It's not very far to Pytchley. I like the view as one approaches, with the Overstone Arms pub set directly underneath the church on the rise. Of course the village name makes me think of hunting, but since the passing of the Great House, I don't think any part of the Pytchley Hunt is still resident there.
Personally, I'm ambivalent about this strand in the British countryside tradition. I don't care for the class connections of the Hunt ( any Hunt!) and have never thought the environmental arguments in favour were up to much - it doesn't seem logical to me as a way of controlling the fox population - but there's something fascinating and involving about hunting as symbolic of the history of our countryside. At the age of fifteen I was very taken with Sassoon's Memoirs of a Fox-hunting Man even though it was an 'O' level set text. But I really don't like the yah and boo between Hunt supporters and 'Sabs'. I suspect both sides enjoy too much the chance to scrap, and to caricature each other as the epitome of all they hate in contemporary society. Perhaps, a bit like the monarchy, we should retain hunting on its current basis for ceremonial purposes, an anachronism to remind us of our roots. By the large I think it's a practice that unhelpfully divides Town from Country. (By the way, lest I offend royalty-supporting readers, one doesn't necessarily get rid of 'anachronisms' unless one has something better to put in their place, and in the case of the monarchy, I for one haven't.)

The church and the pub are both open. I do the holy thing first, and enjoy the wide open space of the All Saints nave. There's a bit of room in the lounge of the Overstone Arms too. The patron and the chef are discussing the selection of the Lions team for New Zealand. No slot for hooker Dylan Hartley, England captain and club skipper at Northampton Saints, which doesn't go down well. It's actually a bit too empty in the bar ( no other conversations to overhear) so I sup up and leave quickly, moving on towards Isham across the very lumpy fields to the east of the village. British History Online mentions all kinds of Roman and later discoveries in the vicinity. I cross an obvious 'hollow way. In these kinds of places you always wonder how much archaeological work has been done. There's so much under our feet. Not everywhere can be dug, but if it hasn't been it would be worth getting the shovels out here, I reckon. Interestingly it seems lots of stuff has been found under the church.
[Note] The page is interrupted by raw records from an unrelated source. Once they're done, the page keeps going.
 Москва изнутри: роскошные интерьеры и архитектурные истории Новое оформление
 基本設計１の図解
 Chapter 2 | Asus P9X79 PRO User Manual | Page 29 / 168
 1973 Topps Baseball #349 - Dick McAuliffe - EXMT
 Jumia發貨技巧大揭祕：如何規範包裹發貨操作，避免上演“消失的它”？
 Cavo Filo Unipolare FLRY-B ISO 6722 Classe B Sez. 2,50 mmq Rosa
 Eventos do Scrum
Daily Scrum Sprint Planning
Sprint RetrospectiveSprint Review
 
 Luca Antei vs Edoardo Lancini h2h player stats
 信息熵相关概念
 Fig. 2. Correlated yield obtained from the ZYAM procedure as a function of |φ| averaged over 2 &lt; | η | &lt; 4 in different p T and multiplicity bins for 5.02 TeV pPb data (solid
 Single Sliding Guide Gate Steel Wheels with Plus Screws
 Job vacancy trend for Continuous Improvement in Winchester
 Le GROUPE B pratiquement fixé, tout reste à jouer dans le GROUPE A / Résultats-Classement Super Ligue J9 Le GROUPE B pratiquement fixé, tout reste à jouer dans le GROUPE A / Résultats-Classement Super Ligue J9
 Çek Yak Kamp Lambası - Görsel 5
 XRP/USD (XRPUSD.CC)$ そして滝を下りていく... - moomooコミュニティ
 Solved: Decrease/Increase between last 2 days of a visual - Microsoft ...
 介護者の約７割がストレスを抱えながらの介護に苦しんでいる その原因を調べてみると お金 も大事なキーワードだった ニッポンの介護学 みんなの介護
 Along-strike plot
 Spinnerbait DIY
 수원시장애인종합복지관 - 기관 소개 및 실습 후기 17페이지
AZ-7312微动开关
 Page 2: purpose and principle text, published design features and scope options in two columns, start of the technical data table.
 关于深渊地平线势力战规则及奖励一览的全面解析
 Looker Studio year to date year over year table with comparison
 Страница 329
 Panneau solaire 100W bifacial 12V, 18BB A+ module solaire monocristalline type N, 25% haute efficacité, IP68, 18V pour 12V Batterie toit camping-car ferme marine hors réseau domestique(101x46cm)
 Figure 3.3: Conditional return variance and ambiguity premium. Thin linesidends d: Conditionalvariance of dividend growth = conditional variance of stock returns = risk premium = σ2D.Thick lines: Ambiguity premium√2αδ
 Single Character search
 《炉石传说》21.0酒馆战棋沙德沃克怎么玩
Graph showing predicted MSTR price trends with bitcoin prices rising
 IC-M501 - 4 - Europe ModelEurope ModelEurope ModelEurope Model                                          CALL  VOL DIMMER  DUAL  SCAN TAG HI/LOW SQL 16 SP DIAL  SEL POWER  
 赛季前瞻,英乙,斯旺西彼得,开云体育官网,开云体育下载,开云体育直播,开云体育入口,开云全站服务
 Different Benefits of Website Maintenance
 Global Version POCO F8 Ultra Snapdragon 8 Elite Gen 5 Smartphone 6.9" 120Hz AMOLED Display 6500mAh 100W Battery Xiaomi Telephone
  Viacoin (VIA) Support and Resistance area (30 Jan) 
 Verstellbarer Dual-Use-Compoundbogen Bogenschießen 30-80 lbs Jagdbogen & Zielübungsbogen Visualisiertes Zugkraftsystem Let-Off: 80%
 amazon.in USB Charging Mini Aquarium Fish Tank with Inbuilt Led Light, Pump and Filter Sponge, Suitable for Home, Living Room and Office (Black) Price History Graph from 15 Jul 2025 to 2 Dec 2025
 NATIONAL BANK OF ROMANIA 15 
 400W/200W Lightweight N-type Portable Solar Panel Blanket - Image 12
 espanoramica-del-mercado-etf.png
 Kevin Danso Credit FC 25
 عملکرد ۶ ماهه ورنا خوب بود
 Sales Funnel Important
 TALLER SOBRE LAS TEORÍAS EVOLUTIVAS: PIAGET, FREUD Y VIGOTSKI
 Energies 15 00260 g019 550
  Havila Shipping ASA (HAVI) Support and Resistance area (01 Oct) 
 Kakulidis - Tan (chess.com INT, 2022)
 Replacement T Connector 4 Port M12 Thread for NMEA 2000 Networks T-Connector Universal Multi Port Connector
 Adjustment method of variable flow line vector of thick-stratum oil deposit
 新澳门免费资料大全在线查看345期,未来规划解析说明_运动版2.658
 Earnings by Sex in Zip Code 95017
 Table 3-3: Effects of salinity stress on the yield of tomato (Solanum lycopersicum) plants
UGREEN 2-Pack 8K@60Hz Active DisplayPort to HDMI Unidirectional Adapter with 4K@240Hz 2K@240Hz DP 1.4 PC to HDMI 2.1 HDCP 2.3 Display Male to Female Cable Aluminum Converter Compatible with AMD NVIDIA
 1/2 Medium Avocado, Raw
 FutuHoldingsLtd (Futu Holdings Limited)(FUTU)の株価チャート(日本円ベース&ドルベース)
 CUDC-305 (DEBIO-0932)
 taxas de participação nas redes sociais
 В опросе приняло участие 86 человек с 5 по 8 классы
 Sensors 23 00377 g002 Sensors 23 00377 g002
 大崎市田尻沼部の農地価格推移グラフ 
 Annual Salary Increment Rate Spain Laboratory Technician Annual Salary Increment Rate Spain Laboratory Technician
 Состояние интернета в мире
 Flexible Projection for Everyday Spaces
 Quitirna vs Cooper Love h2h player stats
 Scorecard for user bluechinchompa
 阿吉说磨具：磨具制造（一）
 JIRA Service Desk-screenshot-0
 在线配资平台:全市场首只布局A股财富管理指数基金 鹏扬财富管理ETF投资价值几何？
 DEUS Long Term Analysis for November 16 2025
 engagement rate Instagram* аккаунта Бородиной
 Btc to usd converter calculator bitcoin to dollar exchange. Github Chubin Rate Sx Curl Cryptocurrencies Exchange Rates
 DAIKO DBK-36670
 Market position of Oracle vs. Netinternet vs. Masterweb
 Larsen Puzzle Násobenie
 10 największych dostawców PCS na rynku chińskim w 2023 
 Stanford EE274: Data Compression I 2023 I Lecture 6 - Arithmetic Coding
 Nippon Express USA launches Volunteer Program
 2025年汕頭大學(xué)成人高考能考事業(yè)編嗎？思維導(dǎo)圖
Soon I cross garden land in front of an industrial scale battery farm where HGVs deliver foodstuffs to hoppers, and then the Weetabix factory appears on the horizon dominating the Burton Latimer side of Isham. Weetabix have been in the news in recent days. The Chinese have sold them. Americans have bought them. It seems Weetabix (how do you pronounce that in Mandarin?) products proved a hard breakfast sell in Beijing and Shanghai. I'm supposing there'll now be many local people worried for their jobs: these kinds of take overs often don't work out so well. Remember Cadbury's?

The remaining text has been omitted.